— Work item —
Transcribe exactly the span of lines that begins the records and ends with the line holding "8178 Chestnut Ave #B — Photo 4", both boundary lines included.
-------- Data to use --------
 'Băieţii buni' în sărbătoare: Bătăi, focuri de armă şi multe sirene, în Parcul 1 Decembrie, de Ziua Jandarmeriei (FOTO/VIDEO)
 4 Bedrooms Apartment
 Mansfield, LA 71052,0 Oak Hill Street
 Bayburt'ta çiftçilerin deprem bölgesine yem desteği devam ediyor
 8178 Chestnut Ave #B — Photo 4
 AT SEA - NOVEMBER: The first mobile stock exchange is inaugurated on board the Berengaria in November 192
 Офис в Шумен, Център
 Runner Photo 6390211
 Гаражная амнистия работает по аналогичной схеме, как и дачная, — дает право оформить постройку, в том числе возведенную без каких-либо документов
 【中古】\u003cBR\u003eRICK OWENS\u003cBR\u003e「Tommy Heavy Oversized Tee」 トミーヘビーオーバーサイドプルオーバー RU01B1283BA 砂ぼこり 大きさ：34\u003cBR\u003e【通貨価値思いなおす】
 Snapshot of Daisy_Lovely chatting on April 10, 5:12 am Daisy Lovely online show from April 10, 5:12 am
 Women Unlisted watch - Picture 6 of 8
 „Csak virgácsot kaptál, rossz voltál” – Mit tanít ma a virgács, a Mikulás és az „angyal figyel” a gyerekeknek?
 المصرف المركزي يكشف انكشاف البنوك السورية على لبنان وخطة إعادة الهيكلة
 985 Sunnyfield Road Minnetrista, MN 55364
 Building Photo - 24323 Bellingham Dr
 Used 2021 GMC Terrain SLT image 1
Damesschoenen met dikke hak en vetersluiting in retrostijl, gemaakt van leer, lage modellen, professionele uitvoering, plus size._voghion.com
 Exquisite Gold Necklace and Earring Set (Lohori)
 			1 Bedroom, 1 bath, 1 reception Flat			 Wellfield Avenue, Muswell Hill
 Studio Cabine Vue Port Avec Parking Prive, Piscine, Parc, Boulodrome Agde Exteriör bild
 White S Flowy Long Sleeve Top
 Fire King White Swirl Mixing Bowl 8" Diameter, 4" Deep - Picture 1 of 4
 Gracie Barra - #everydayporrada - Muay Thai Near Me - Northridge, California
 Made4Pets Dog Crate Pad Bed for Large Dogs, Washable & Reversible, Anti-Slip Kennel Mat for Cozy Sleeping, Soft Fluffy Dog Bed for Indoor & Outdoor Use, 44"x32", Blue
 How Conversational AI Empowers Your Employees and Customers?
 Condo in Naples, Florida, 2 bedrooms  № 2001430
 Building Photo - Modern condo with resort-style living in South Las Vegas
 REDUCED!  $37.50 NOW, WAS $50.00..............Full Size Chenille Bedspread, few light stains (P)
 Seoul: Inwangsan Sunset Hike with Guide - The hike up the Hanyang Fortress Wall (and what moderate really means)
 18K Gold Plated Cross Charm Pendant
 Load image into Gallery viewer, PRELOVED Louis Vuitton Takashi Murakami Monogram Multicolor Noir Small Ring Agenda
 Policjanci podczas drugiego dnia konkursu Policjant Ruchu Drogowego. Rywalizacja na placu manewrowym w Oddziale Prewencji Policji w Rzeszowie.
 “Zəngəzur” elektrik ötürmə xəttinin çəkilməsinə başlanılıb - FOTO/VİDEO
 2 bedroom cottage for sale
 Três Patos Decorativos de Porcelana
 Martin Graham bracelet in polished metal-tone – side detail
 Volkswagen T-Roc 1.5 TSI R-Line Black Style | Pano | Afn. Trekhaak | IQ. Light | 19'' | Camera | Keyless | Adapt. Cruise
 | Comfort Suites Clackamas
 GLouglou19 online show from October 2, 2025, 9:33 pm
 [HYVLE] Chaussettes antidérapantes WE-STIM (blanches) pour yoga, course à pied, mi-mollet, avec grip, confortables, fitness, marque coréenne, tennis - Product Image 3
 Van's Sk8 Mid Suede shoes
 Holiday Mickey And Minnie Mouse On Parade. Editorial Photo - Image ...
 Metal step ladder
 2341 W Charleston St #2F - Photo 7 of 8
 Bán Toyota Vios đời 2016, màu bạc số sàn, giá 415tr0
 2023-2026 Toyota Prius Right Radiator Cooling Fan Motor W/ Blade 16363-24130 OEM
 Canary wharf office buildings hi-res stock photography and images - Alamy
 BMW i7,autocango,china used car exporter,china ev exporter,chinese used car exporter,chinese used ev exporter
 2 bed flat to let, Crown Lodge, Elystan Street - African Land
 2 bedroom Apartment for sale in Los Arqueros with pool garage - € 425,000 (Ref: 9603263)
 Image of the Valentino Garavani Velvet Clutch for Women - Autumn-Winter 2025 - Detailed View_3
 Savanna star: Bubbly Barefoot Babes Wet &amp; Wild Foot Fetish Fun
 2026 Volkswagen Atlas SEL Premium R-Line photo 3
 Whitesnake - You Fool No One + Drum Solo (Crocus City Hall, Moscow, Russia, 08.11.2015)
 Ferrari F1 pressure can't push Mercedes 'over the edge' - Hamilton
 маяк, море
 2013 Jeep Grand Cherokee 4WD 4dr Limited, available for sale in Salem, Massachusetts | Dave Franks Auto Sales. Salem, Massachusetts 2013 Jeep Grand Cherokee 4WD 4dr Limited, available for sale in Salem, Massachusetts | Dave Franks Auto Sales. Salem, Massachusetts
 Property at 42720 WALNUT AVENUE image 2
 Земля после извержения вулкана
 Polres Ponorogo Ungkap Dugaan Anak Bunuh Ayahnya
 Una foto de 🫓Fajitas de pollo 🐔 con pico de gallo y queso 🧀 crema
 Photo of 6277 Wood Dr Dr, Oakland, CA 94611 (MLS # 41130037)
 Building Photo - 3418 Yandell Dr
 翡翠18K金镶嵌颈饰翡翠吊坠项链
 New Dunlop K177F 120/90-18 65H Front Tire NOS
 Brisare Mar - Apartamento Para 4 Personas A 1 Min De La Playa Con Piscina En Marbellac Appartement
--------
— Exercise result —
 'Băieţii buni' în sărbătoare: Bătăi, focuri de armă şi multe sirene, în Parcul 1 Decembrie, de Ziua Jandarmeriei (FOTO/VIDEO)
 4 Bedrooms Apartment
 Mansfield, LA 71052,0 Oak Hill Street
 Bayburt'ta çiftçilerin deprem bölgesine yem desteği devam ediyor
 8178 Chestnut Ave #B — Photo 4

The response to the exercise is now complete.